The general advice (in Apollo documentation) is to create small, focused queries inside child components.

So we have several such queries and they are all "live" queries where we listen for value changes.

We also have a graphql subscription that updates a part of the cache that is read by these queries.

So every time the subscription sends an update, the queries automatically update.

This works great but I'm not sure where should I subscribe to the subscription.

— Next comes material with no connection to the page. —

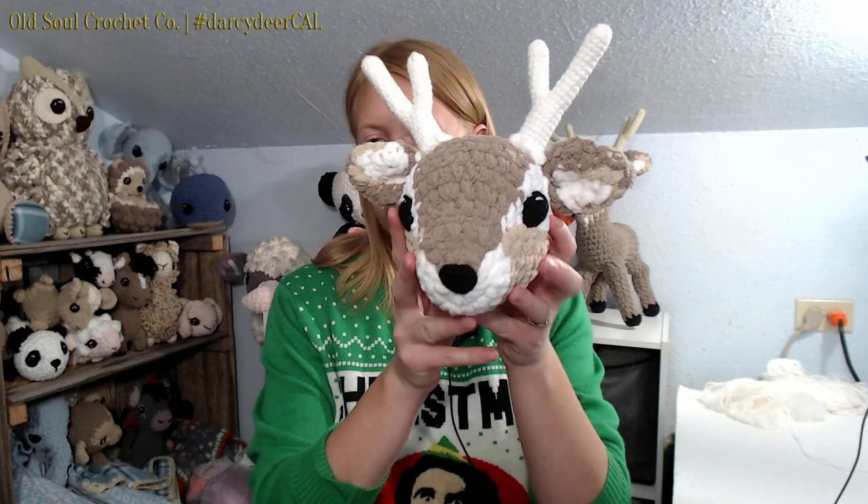Alright crocheters, we have finished our head! In this video we did the eyes, nose, ears, and horns — all attached and looking swell. We are ready to start the body in the next video because this one has been plenty long. Stay tuned for the next Darcy Deer video in our Christmas in July crochet along for 2020. I'm excited to continue making Darcy Deer!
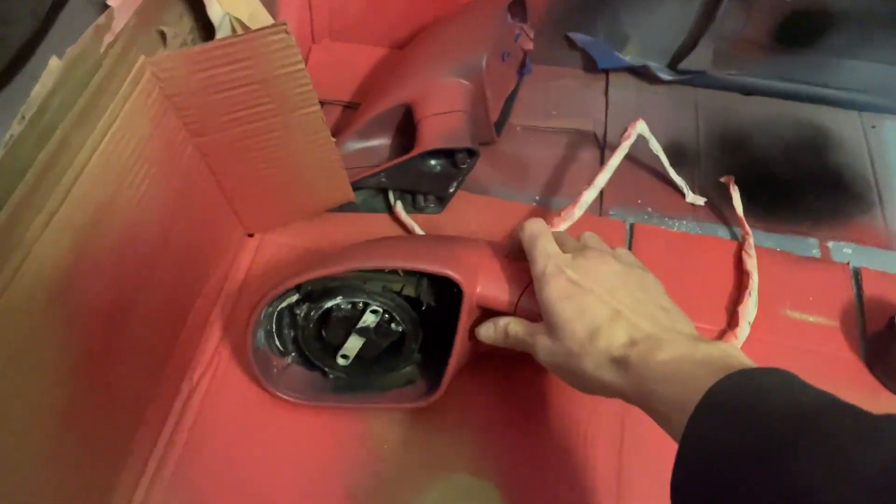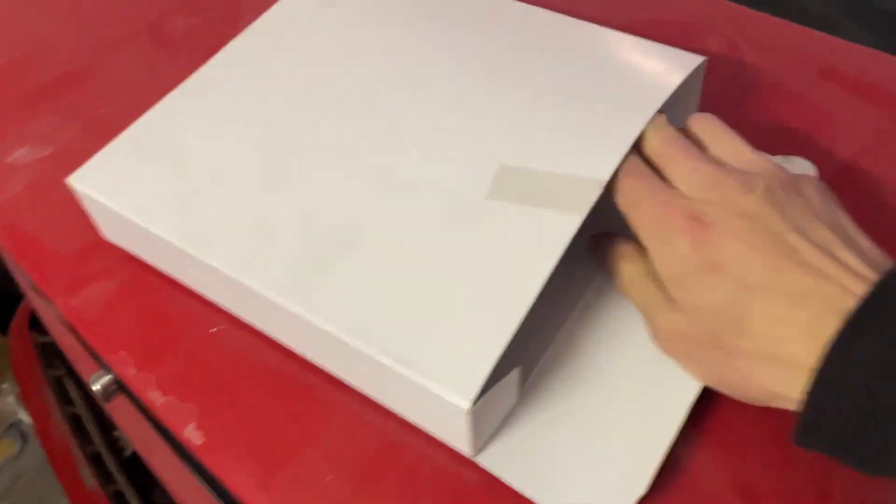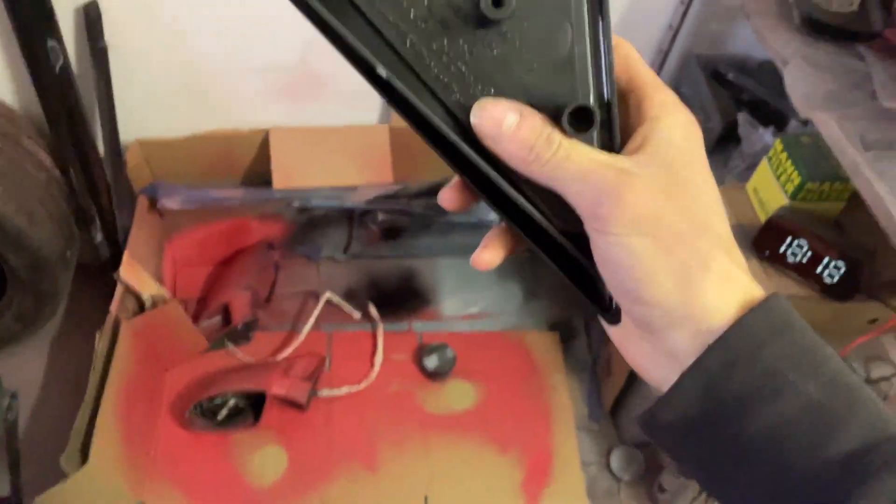The mirrors are dry and pretty much ready for paint, but I will not be painting them right now — it's not worth it when I'll be painting the whole car. The mirrors are pretty much done. I needed adapters for them since the ones that came with the mirrors are for Volkswagen, I think, so I ordered some adapters and they came in.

This is what we're doing now:

class AComponent {
  ngOnInit() {
    // Multiple instances of AComponent watch the same query.
    // Works great - one request is sent to the server and
    // all the others use the cache
    this.queryService1.watch()...
    // And we subscribe to a subscription that might update the cache
    // and cause the query to update
    this.subscription.subscribe();
  }
}

Since there are multiple instances of AComponent , is it ok that all of them subscribe to the subscription?

Since you didn't provide any code I'm just guessing but I would ' activate ' the subscription in a standalone service which can be initialized in some top level component. If you then want to access it in components, inject it as standard service.

// app.component
export class AppComponent implements OnInit {

  constructor(private apolloQueryService: ApolloQueryService) { }

  ngOnInit() {
    this.apolloQueryService.initialize();
  }
  //...
}

// ApolloQueryService
// I have no experience with Apollo, this is just to illustrate
@Injectable({
  providedIn: 'root',
})
export class ApolloQueryService {
  apolloSub$;

  constructor(private apollo: Apollo) {}

  initialize(): void {
    this.apolloSub$ = this.appolo.someQuery.subscribe();
    // add others if necessary
  }

  //...
}

Judging by your another question about observable splitting, this service can be then used to expose partial queries.

After testing my solution I found out that you get an event for each time you subscribe to a subscription.

In our case, we subscribed multiple times to the same subscription and received multiple identical websocket messages.

In order to fix that we now wrap our subscriptions in a service that makes sure we only subscribe once:

class PostsUpdateService {
  private subscribed: boolean;

  constructor(private postsSubscription: Subscription<Post>) {}

  subscribe() {
    if (!this.subscribed) {
      this.subscribed = true;
      this.postsSubscription.subscribe().subscribe();
    }
  }
}

In our case, we are ok with never unsubscribing since we always have at least 1 live subscription.